Estoy escribiendo en el silencio de una noche de verano que me traslada a finales de agosto del 91. Estaba yo de vacaciones en Alicante. No perdía el rastro del Mundial de atletismo de Tokio en el que nada me impresionó tanto como la longitud: los 8,95 metros que saltó Mike Powell. Bajamos a la playa mi hermano y yo a medir lo que significaba un salto así en la vida real. La distancia no se acababa nunca. Nos íbamos a un extremo a otro de la Playa de San Juan. Todo eso me incitó a escribir a bolígrafo lo que había visto por televisión: a buscar palabras y a encontrar soluciones. No recuerdo ni siquiera lo que escribí. Pero tuvo que ser admiración, el enfervorizado deseo de contratar lo imposible. Al final, escribir es una manera de defender los recuerdos como ése, que hoy todavía vive en mí. Quizá porque en ese momento descubrí, a partir de un  salto que no se acababa nunca, el precio de lo realmente excepcional.  No debía estar tan equivocado. 27 años después, nadie ha vuelto a saltar los 8,95 metros. Él ya ha cumplido los 54.   


 “Siempre podremos recordar el fin de semana en el que María Vicente negoció lo inolvidable”.

 Descubrí que un segundo podía tener la misma literatura que 90 minutos. Que saber transmitirlo también te podía hacer feliz. Que escribir sin emociones es materialmente imposible. Que meterse en las trincheras de vencedores y vencidos puede ser interesante. Pero nada a comparación como entrar en momentos irrepetibles que nunca antes se han producido como ayer fueron esos 8,95 metros que saltó Powell o hoy son esos 6.221 puntos en heptathlón de María Vicente a los que jamás se asomó nadie a su edad. Por eso hoy todos somos María. No sólo su madre. No sólo el presidente de la Federación. También somos nosotros: los que nunca nos arrepentimos de amar el atletismo, los que desconfíamos del complejo de superioridad de las grandes potencias. 

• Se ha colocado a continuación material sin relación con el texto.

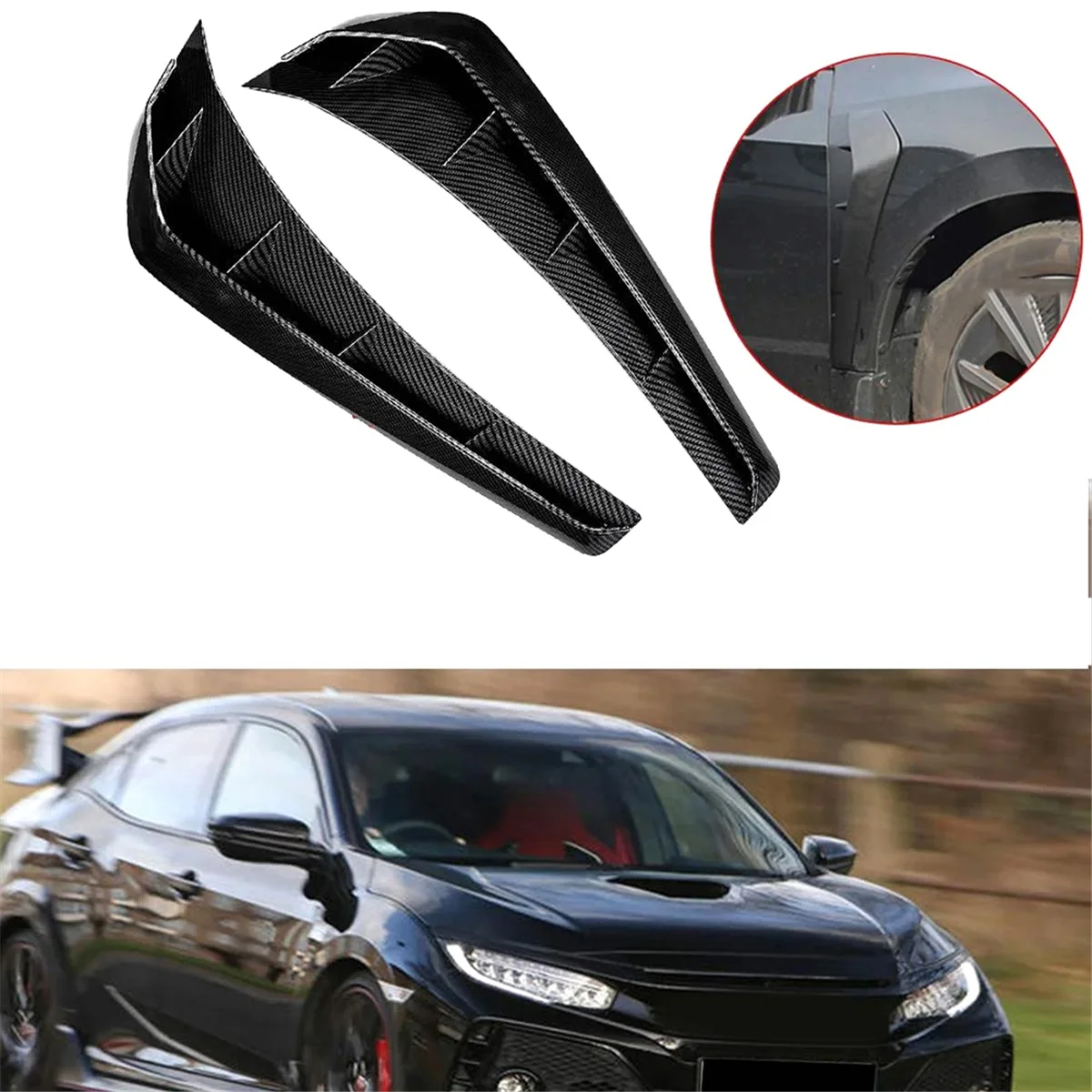 Carbon Fiber Front Fender Side Spoiler Vent Air Wing Cover Trim for Honda Civic 10Th 2016-2019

Así que esta vez somos realistas y somos optimistas. Tenemos valor y tenemos razón. Y, pase lo que pase mañana, siempre podremos recordar el fin de semana en el que María Vicente negoció lo inolvidable. Ganó para siempre esa batalla como Mike Powell la ganó en mi subconsciente aquel lejano verano de 1991. La diferencia es que ayer hubiese escrito una carta y hoy un correo electrónico. Pero en ninguno de los casos hubiese prescindido de lo que contaba al día siguiente  Santiago Segurola, que fue el periodista de ‘El País’ que viajó a Tokio. “El salto de Powell ha transformado su vida. Ayer ofreció una nueva conferencia de prensa y fue perseguido por un enjambre de niños. Un día antes, Powell no había firmado un solo autógrafo”. Por eso no pasa nada porque nosotros no podamos cruzar la frontera de lo extraordinario. No somos tan egoístas mientras haya gente que pueda hacerlo por nosotros. Será uno o serán dos. Serán los que sean. La importancia que cada uno le dará será diferente, pero yo no quiero dudar que, dentro de 27 años, si es que sigo aquí, recordaré a María Vicente como a Mike Powell. No como una lección, sino como una demostración de que en unos segundos también pueden ocurrir cosas que no ocurrieron nunca. Hasta que nos toque la lotería.